[GIVEN DATA Boundary: Start]
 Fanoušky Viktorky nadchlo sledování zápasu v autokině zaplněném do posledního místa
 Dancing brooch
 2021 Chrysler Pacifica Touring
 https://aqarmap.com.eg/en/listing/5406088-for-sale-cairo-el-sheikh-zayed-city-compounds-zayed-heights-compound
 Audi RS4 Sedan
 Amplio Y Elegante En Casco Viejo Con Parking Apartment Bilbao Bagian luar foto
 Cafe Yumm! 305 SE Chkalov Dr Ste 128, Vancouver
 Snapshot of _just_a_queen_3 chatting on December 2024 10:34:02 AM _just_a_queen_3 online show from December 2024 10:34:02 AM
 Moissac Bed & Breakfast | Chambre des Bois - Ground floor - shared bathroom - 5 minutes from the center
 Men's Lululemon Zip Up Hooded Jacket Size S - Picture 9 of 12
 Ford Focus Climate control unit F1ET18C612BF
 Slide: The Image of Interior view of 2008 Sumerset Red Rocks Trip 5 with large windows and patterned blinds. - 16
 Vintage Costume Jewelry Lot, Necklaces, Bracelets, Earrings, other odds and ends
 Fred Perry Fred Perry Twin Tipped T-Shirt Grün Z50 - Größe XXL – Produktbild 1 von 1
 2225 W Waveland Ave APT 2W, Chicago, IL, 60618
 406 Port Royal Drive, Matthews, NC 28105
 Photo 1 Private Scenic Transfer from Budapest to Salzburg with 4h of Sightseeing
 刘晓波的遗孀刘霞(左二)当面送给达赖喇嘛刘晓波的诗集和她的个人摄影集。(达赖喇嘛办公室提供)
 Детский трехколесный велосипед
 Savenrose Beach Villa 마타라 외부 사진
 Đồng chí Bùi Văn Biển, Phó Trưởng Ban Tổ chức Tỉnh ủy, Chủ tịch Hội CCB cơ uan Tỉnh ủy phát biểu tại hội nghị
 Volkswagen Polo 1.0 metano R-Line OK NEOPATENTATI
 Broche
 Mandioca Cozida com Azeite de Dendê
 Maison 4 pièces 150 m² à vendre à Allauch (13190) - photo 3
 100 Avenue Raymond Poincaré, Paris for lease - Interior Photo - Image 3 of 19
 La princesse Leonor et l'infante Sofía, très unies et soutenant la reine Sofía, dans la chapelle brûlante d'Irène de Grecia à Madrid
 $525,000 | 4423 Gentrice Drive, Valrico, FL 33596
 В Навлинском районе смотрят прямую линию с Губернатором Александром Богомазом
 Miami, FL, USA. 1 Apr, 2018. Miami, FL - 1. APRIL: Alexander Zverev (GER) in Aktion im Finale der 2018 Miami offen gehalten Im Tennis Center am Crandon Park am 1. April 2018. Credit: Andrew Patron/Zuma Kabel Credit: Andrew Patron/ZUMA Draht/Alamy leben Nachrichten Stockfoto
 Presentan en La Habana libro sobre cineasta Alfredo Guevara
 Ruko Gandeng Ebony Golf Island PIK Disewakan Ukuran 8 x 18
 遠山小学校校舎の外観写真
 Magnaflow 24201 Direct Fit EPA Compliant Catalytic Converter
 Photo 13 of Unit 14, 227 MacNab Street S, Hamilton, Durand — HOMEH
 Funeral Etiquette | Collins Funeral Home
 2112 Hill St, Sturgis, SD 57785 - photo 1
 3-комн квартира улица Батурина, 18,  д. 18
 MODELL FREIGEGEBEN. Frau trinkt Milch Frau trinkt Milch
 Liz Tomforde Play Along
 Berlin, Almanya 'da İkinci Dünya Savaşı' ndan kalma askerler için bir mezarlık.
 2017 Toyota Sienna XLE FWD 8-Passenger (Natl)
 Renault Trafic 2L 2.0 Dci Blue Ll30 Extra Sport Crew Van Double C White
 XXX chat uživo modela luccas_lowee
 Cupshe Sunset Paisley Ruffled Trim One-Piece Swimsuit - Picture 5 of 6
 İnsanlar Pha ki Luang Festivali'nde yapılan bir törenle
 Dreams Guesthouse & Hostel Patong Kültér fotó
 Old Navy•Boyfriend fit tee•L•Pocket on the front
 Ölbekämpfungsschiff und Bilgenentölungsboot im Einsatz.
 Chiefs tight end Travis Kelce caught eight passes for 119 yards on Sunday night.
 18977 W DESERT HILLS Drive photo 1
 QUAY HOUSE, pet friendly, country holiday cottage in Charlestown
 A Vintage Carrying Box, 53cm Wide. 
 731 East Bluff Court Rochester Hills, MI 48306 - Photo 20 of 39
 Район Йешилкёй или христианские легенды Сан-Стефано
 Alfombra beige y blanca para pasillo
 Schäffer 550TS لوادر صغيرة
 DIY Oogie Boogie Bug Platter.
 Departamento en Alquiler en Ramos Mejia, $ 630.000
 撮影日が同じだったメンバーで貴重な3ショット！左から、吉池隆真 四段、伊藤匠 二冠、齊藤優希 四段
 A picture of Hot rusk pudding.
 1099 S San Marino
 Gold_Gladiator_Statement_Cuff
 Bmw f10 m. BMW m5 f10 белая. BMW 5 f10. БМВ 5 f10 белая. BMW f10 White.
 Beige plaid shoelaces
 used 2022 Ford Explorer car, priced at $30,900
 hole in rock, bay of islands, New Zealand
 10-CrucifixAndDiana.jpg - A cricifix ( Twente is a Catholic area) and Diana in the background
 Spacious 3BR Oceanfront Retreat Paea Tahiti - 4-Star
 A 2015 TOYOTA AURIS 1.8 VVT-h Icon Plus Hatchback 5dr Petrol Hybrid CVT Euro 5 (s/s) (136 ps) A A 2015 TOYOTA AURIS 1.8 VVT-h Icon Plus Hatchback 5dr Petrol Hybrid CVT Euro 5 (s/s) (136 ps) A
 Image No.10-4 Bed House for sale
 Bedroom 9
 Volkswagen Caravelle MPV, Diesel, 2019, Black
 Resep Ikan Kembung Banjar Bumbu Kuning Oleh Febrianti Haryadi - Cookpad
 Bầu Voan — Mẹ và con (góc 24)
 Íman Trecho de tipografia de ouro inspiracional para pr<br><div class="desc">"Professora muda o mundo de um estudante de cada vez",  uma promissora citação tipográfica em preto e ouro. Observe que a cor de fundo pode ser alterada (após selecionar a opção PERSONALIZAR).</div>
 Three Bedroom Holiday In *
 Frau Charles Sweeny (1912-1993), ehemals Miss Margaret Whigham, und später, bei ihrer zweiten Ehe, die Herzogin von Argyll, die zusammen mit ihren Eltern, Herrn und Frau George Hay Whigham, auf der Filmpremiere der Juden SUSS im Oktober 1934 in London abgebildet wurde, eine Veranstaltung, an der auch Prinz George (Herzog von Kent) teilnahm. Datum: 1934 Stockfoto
[GIVEN DATA Boundary: End]
* **WORK REQUIRED**: Using the material above, work out how many lines contain the string "Interior". Give the number only.

* **ANSWER AREA**: 2